1 100 migrants répartis dans six centres

Au centre d’urgence, ils ne sont pas les seuls. Des rescapés du naufrage du mois de mai, où seize personnes ont survécu sur soixante-cinq, sont encore là, dans l’attente.

Hsaia Shisir, un Bangladais de 17 ans, travaille un peu au noir avant de décider de ce qu’il va faire. Son long périple pour gagner l’Europe lui a coûté 9 000 dollars (quelque 8 000 euros) d’emprunt pour faire l’aller simple Dacca-Dubaï puis Dubaï-Benghazi et en voiture jusqu’à Zouara, où il a pris le bateau. « Je ne veux pas retourner en Libye, c’est le règne des milices là-bas. Je ne peux pas non plus rentrer chez moi, j’ai trop de dettes. Mon seul espoir, c’est l’Europe », assure-t-il.

En plus de ces personnes en transit, qui attendent une occasion de départ, la Tunisie doit gérer les réfugiés qui arrivent par voie terrestre, du côté de la frontière libyenne. Près de huit cents ces six derniers mois, selon l’OIM.

« Aujourd’hui, nous avons un vrai souci à la frontière libyenne vu l’instabilité sur place. Du coup, c’est difficile de faire l’équilibre entre humanitaire et sécurité, surtout que nous connaissons peu les nouvelles nationalités qui arrivent par voie terrestre. Nous avons eu des cas d’Ethiopiens qui se faisaient passer pour des Erythréens. Nous n’avons aucune traçabilité sur les personnes qui arrivent », regrette Habib Chaouat, gouverneur de Médenine.

En attendant, 1 100 migrants attendent répartis dans six centres. Et désormais, les Erythréens qui, il y a quelque temps encore repartaient vers l’Europe, demandent l’asile là. Une petite centaine est logée dans un centre de Médenine piloté par le Haut-Commissariat des Nations unies pour les réfugiés en attente de leur statut.

La Tunisie, qui a refusé de devenir une plate-forme d’accueil pour les candidats à l’exil en Europe, doit se coordonner avec l’OIM pour les bateaux qui dérivent et sont refusés dans les ports européens.
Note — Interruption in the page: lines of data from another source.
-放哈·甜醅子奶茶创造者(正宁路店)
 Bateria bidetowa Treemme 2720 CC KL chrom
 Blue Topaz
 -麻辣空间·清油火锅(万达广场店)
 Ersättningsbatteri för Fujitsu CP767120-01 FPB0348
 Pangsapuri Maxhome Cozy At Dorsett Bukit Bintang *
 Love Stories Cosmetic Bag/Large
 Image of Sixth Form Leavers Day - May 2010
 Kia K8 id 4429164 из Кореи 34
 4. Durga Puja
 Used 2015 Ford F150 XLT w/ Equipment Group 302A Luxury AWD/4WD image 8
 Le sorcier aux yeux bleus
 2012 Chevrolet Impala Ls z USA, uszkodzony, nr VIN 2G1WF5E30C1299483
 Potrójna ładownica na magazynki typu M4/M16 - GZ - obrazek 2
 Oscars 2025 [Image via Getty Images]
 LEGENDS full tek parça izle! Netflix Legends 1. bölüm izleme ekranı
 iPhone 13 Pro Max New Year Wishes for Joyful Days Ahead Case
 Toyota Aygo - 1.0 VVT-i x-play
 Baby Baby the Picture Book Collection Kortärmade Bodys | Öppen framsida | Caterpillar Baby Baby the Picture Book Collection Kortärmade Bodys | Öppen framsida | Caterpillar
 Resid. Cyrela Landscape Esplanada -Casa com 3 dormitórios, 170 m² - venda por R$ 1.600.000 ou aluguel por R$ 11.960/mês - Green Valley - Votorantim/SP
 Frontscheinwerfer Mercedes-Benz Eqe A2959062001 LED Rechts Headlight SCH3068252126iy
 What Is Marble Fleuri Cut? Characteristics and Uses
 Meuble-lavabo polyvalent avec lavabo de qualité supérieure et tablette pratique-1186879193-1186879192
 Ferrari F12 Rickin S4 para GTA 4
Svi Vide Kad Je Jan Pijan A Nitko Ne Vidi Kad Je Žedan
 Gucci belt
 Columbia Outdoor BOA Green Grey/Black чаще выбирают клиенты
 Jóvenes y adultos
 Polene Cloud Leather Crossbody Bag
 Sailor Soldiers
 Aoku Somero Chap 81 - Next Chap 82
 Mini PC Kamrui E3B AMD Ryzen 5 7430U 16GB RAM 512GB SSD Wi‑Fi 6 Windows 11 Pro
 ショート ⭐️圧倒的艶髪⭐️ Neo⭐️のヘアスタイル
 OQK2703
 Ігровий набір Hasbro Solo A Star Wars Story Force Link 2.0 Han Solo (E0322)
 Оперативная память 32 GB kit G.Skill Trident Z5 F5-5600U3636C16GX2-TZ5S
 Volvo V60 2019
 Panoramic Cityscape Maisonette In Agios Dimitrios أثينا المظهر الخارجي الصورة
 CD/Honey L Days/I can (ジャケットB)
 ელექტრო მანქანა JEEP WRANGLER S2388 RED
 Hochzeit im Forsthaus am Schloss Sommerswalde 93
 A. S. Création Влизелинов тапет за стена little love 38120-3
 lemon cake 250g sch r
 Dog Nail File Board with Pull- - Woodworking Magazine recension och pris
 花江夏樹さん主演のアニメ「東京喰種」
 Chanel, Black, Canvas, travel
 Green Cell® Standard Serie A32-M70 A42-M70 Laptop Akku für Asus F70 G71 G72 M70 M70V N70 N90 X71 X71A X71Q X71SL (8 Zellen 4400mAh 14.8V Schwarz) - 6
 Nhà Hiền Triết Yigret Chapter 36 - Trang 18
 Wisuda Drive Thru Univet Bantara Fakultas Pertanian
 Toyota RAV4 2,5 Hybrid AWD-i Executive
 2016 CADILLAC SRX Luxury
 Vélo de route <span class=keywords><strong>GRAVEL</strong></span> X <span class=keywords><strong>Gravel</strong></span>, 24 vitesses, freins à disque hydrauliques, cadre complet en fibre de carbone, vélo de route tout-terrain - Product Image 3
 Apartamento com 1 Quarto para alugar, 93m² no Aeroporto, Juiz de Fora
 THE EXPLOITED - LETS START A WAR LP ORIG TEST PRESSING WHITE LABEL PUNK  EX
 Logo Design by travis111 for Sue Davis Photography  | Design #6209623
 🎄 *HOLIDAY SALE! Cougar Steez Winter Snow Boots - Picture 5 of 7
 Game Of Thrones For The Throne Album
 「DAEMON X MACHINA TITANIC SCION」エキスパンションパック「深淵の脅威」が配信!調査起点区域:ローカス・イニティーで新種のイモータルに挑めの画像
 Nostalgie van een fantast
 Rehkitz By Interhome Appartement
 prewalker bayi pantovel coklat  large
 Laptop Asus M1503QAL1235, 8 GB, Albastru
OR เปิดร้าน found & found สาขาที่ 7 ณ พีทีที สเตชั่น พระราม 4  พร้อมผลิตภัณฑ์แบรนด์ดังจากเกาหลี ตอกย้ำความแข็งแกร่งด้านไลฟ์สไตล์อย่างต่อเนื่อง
Le dernier en date, amené là par le remorqueur égyptien Maridive 601, après avoir erré plus de deux semaines en juin, a laissé soixante-quinze passagers. Seuls seize ont accepté le retour volontaire dans leur pays, avec l’assistance de l’OIM.

Dans une déclaration faite à Zarzis, mercredi 3 juillet, le chef du gouvernement, Youssef Chahed, demandait de l’aide à la communauté internationale, rappelant que « la question des réfugiés et des migrants ne relève pas de la responsabilité de la République tunisienne (…). Tous les pays doivent en assumer la responsabilité. » Une phrase que d’autres, déjà, ont prononcée avant lui, dans d’autres pays. Mais sans que la situation ne bouge vraiment.